A very small group of people are refusing to have children in hopes of preventing what they refer to as an “ecological armageddon.”
The burgeoning “Birth Strikers” movement, which consists of 330 people so far, is made up of men (20 percent) and women (80 percent) who believe their choosing not to reproduce will prevent or delay the end of the earth as a result of climate change, according to a CNN report.
One member, a 33-year-old musician named Blythe Pepino, told the news outlet she wants to have a biological child with her partner but said she doesn’t “feel like this is a time that you can do that.”
“Birth Strikers” have determined they can’t have children because climate change is causing bigger wildfires, more droughts, and greater food shortages around the world. So to have kids, they argue, would be counterproductive and cruel.
“You are gambling with someone else’s life,” 29-year-old member Cody Harrison explained. “If things don’t go well, that human is not going to have a very good life.”
“When climate change gets worse, it multiplies other things. It’s like dominoes that are falling,” said Lori Day, another member of the movement. “It goes beyond sea level rise and storms. It affects food production, migration, resources and war.”

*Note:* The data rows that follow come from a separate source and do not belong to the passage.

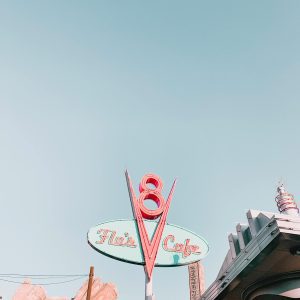 Low Angle Shot Of The Iconic Flo's V8 Cafe Sign Under A Clear Sky In Disneyland.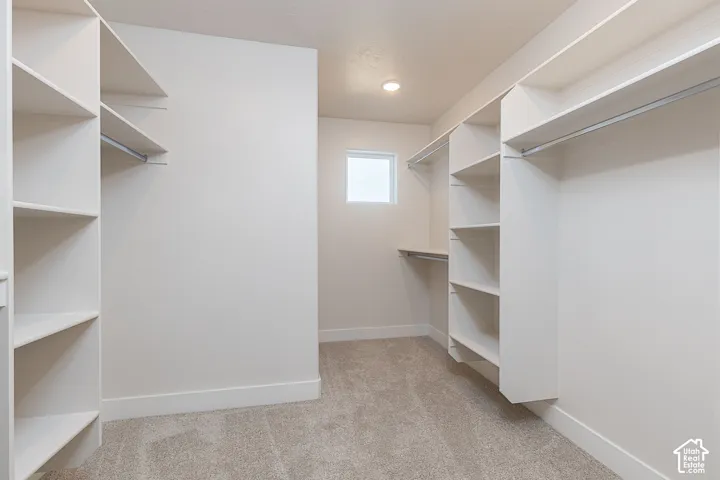 Walk in closet with light colored carpet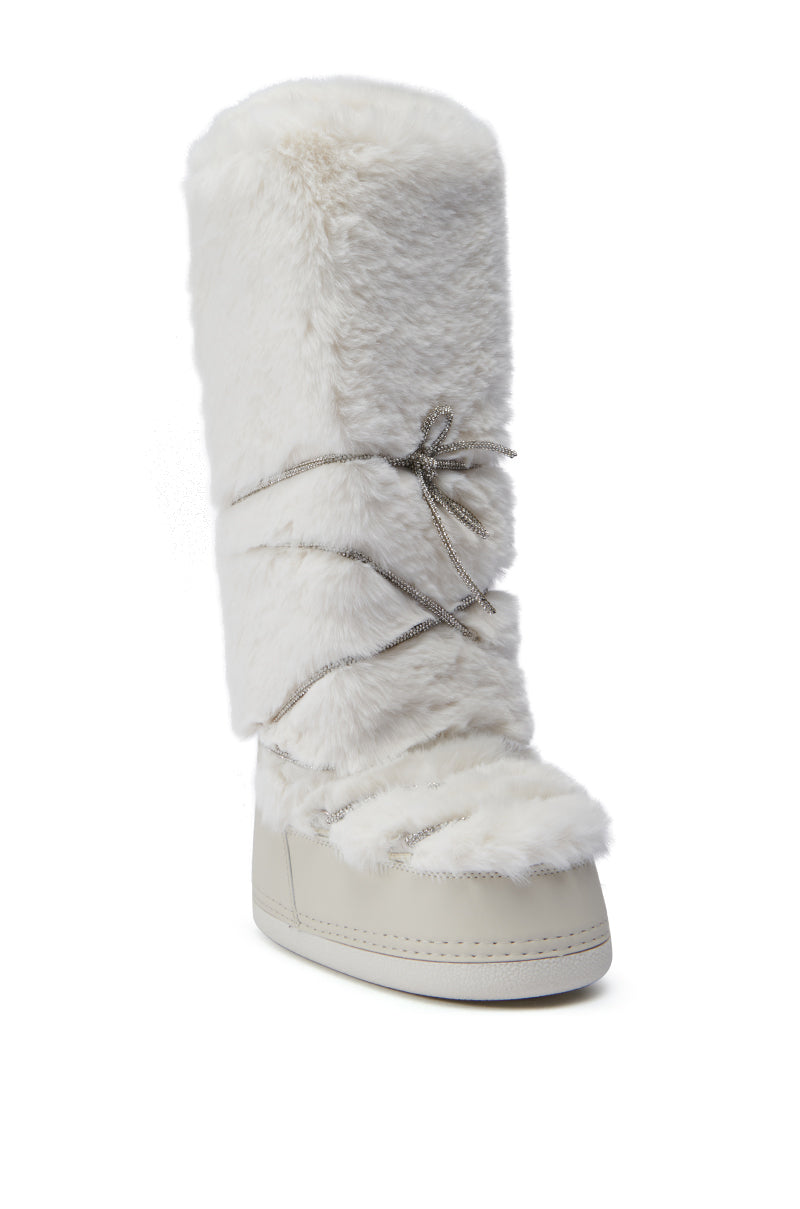 The AZALEA WANG TAYTON Beige Fuzzy Flat Knee High Boot features a soft faux fur exterior in white with a rounded toe. Decorative crisscrossing silver laces and rhinestone embellishments add sparkle to its design. The boot reaches up to the knee and is displayed against a plain white background with a flat sole for comfort.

The group is relying heavily on a United Nations study from 2018, which suggested there are only 11 years left to prevent nondescript “irreversible damage from climate change.”

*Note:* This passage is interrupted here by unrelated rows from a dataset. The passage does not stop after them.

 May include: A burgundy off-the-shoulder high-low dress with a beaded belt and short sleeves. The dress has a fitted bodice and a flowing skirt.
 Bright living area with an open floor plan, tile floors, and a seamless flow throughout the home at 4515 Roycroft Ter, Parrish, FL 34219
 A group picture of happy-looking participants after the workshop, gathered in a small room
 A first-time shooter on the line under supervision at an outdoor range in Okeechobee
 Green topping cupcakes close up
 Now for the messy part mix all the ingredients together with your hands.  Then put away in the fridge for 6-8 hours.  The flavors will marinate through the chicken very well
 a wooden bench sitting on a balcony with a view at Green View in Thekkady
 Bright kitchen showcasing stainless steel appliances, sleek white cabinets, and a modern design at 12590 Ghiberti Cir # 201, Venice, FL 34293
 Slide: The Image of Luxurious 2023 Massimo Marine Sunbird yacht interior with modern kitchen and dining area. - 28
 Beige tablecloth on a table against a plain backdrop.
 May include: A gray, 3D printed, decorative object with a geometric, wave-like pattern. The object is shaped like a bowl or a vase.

While the “Birth Strikers” group is incredibly small, the kind of thinking that has undergirded the movement is growing. Earlier this year, Rep. Alexandria Ocasio-Cortez questioned whether it’s morally permissible for people to continue having children.

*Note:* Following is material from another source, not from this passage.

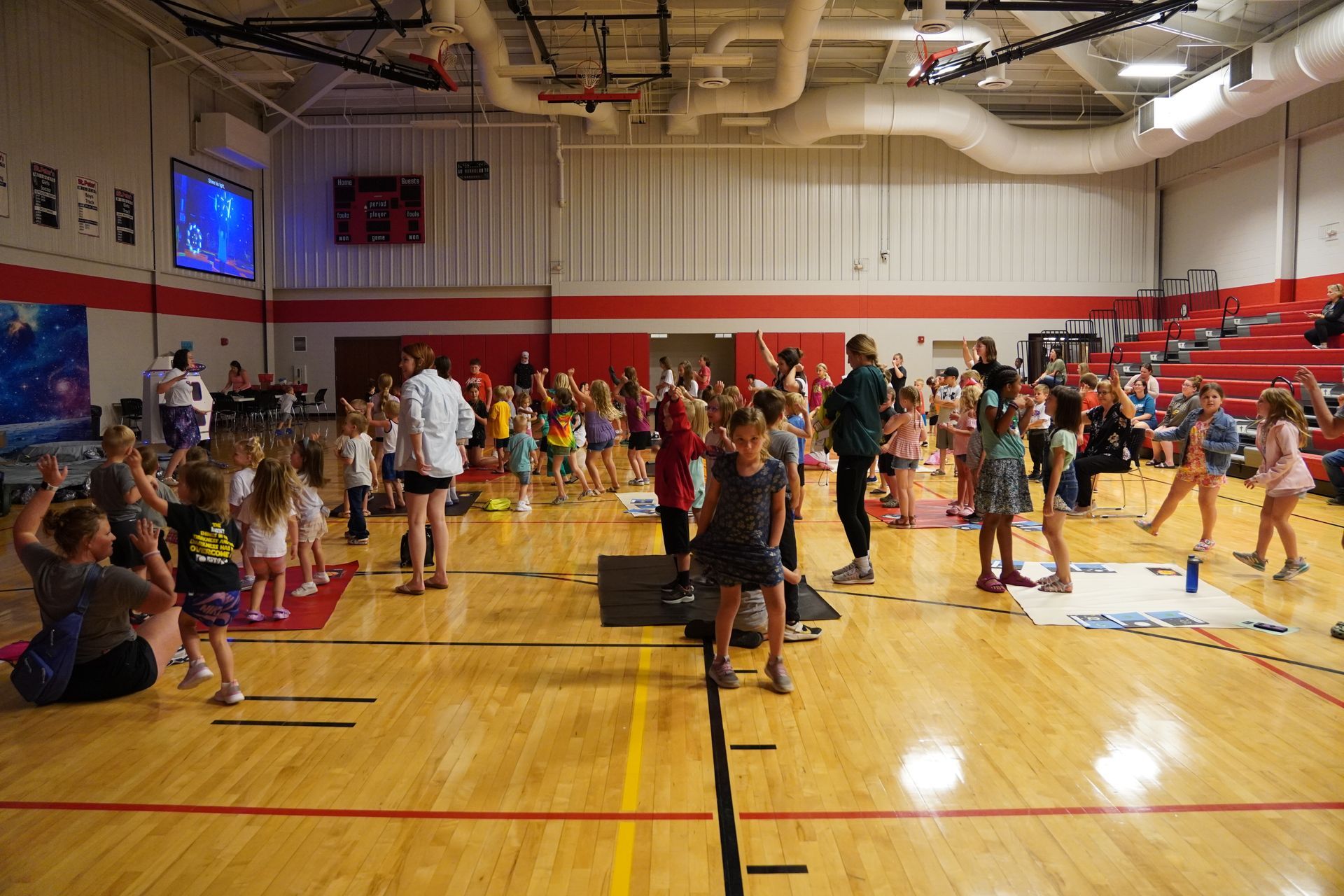 Gymnasium with children dancing, adults supervising. Wooden floor, red trim, and bleachers in background.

In an Instagram Live video, the self-avowed Democratic Socialist said, “There’s scientific consensus that the lives of children are going to be very difficult. And it does lead young people to have a legitimate question: is it OK to still have children?”
The truth of the matter is neither Ocasio-Cortez nor the “Birth Strikers” have anything to worry about, because the birth rate in the U.S. has been in a steady decline for seven years. In 2017, the most recent year for which data is available, the nationwide fertility rate was 16 percent below the level necessary to keep the population stable.
All of it, though, is at odds with Scripture, which elevates the importance of giving birth to and adopting children and raising a family. The psalmist described kids as “a heritage from the Lord” and “like arrows in the hand of a warrior.”
And in the New Testament, Jesus himself placed incredible value on children, rebuking his disciples when they assumed he was uninterested in engaging with kids because they were young. After seeing his followers shoo children away from him, Jesus replied, “Let the little children come to me, and do not hinder them, for the kingdom of God belongs to such as these.”
“Truly I tell you, anyone who will not receive the kingdom of God like a little child will never enter it,” he continued, according to Mark 10.
God has given us dominion over the earth, and we need to be better stewards of the blessings he’s given us — there’s no doubt about that. But he also commanded us to multiply. These two tasks are not mutually exclusive, and we’d do well to stop playing god.